(Task requirements)
Starting at the line below that contains "a bathroom with" and ending at the line that contains "Genç kız gülümsüyor", retype each line exactly as it stands, but omit the pictures.

(Materials provided)
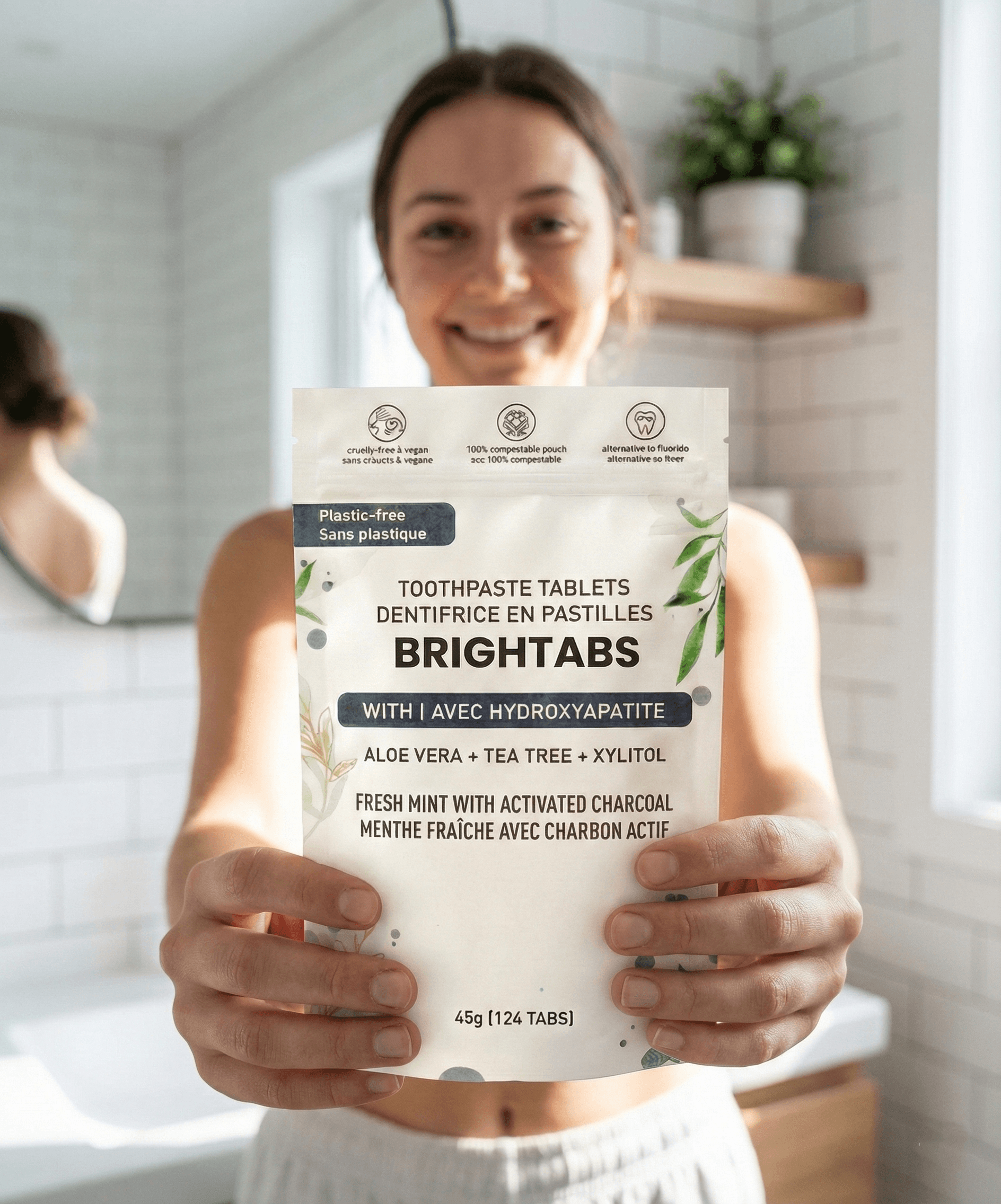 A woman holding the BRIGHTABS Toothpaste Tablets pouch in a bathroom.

* * *

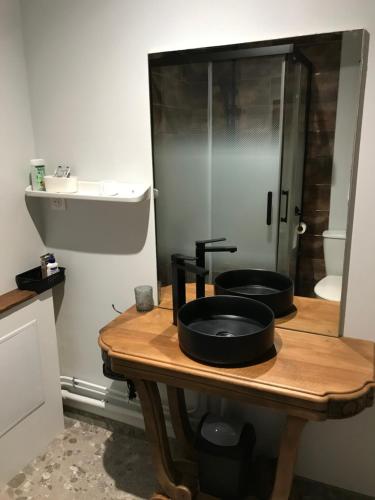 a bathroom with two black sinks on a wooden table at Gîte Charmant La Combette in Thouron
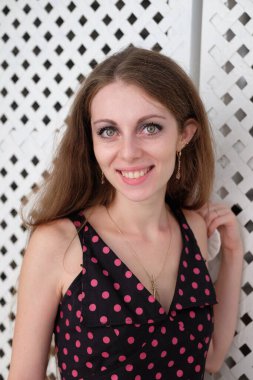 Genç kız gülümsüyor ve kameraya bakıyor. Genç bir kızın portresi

(Answer area)
 a bathroom with two black sinks on a wooden table at Gîte Charmant La Combette in Thouron
 Genç kız gülümsüyor ve kameraya bakıyor. Genç bir kızın portresi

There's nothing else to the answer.